Markey Township is a civil township of Roscommon County in the U.S. state of Michigan. The population was 2,401 at the 2020 census. The township was created from Gerrish Township on April 21, 1887.

==Communities==
- Sharps Corner is an unincorporated community located near South Higgins Lake State Park along the township line with Gerrish Township at .

==Geography==
According to the U.S. Census Bureau, the township has a total area of 36.10 sqmi, of which 28.73 sqmi is land and 7.37 sqmi (20.42%) is water.

Markey Township has a coastline on Houghton Lake to the south, as well as a small portion on Marl Lake and South Higgins Lake State Park to the north.

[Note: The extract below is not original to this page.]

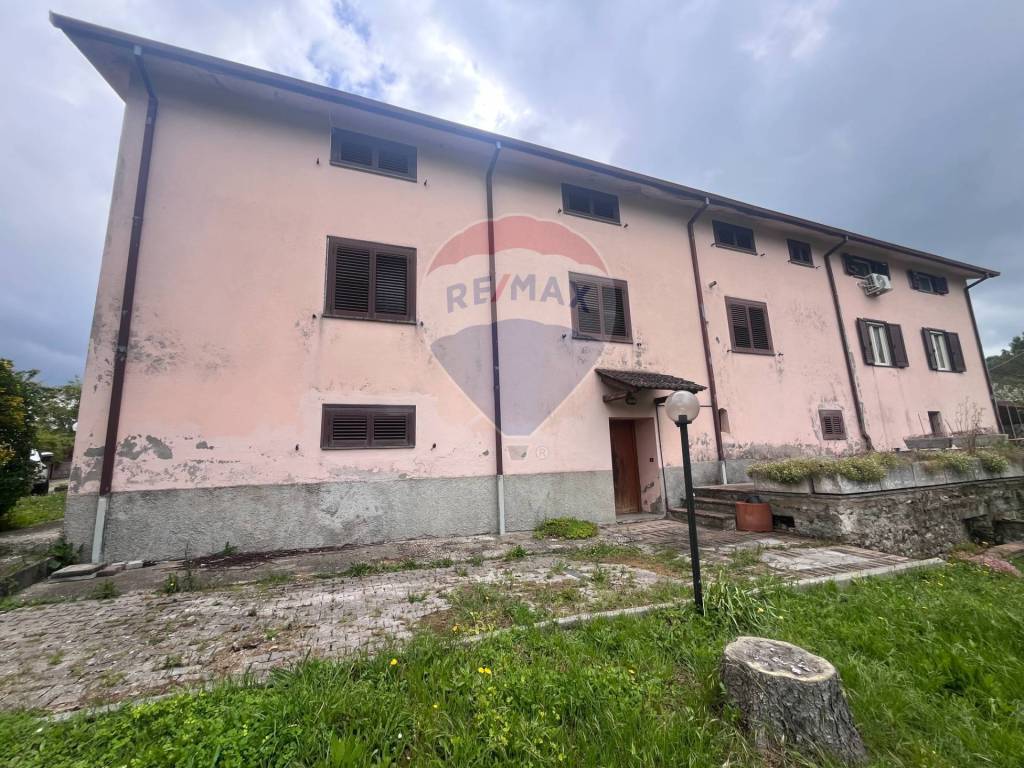 Rustico / casale a Torricella in sabina in Via Aldo Moro - Foto 4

The Cut River flows from Marl Lake down to Houghton Lake within Markey Township.

==Demographics==
As of the census of 2000, there were 2,424 people, 1,100 households, and 764 families residing in the township. The population density was 83.8 PD/sqmi. There were 2,396 housing units at an average density of 82.9 /sqmi. The racial makeup of the township was 98.06% White, 0.37% African American, 0.17% Native American, 0.25% Asian, 0.08% Pacific Islander, 0.29% from other races, and 0.78% from two or more races. Hispanic or Latino of any race were 0.91% of the population.

There were 1,100 households, out of which 19.0% had children under the age of 18 living with them, 60.1% were married couples living together, 6.9% had a female householder with no husband present, and 30.5% were non-families. 26.4% of all households were made up of individuals, and 15.2% had someone living alone who was 65 years of age or older. The average household size was 2.20 and the average family size was 2.60.

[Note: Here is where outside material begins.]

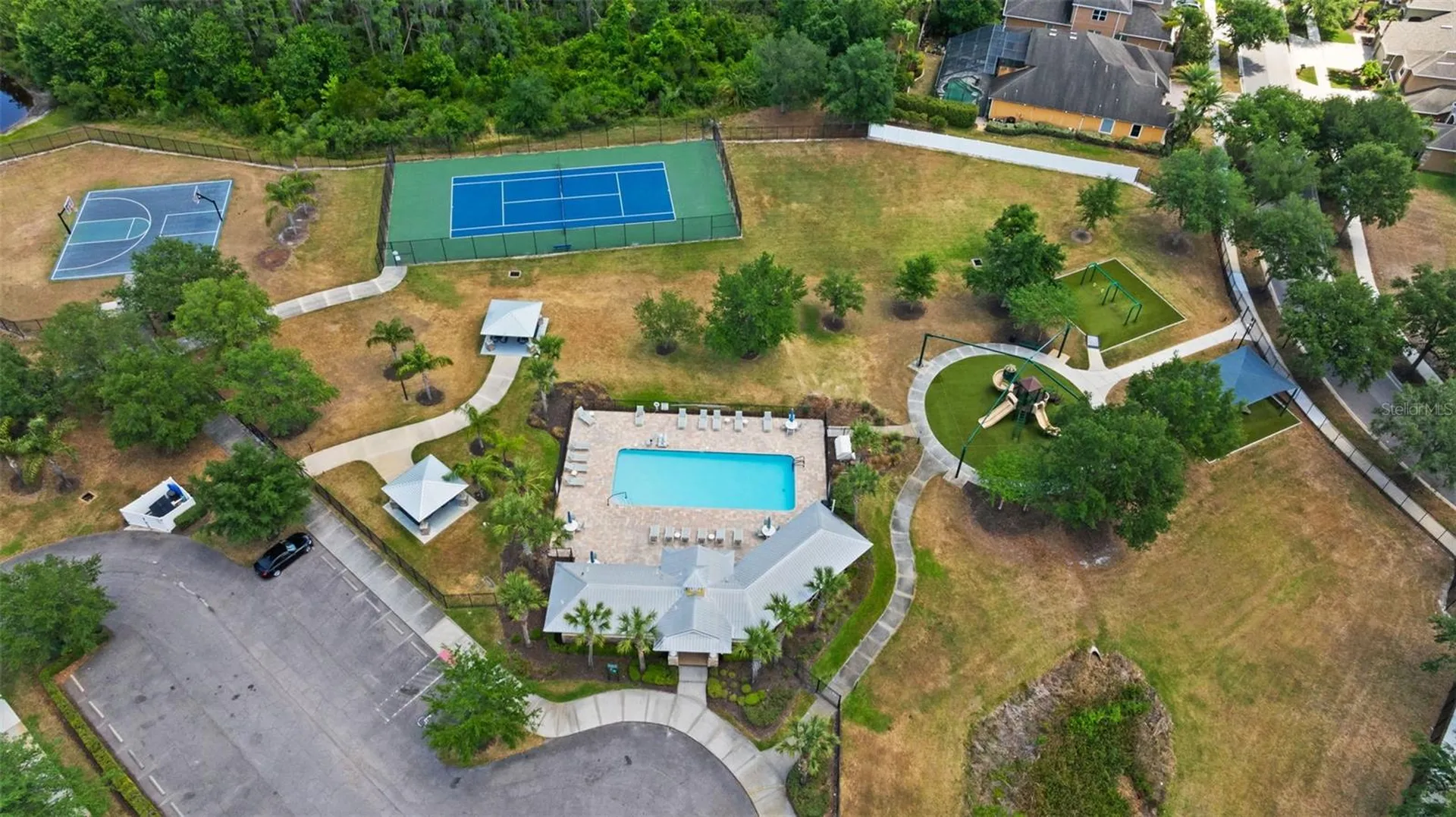 10511 Mistflower Lane Tampa FL 33647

In the township the population was spread out, with 17.6% under the age of 18, 5.8% from 18 to 24, 18.3% from 25 to 44, 31.5% from 45 to 64, and 26.8% who were 65 years of age or older. The median age was 51 years. For every 100 females, there were 103.7 males. For every 100 females age 18 and over, there were 99.1 males.

The median income for a household in the township was $29,505, and the median income for a family was $34,392. Males had a median income of $32,462 versus $18,864 for females. The per capita income for the township was $18,213. About 6.2% of families and 9.4% of the population were below the poverty line, including 15.7% of those under age 18 and 5.1% of those age 65 or over.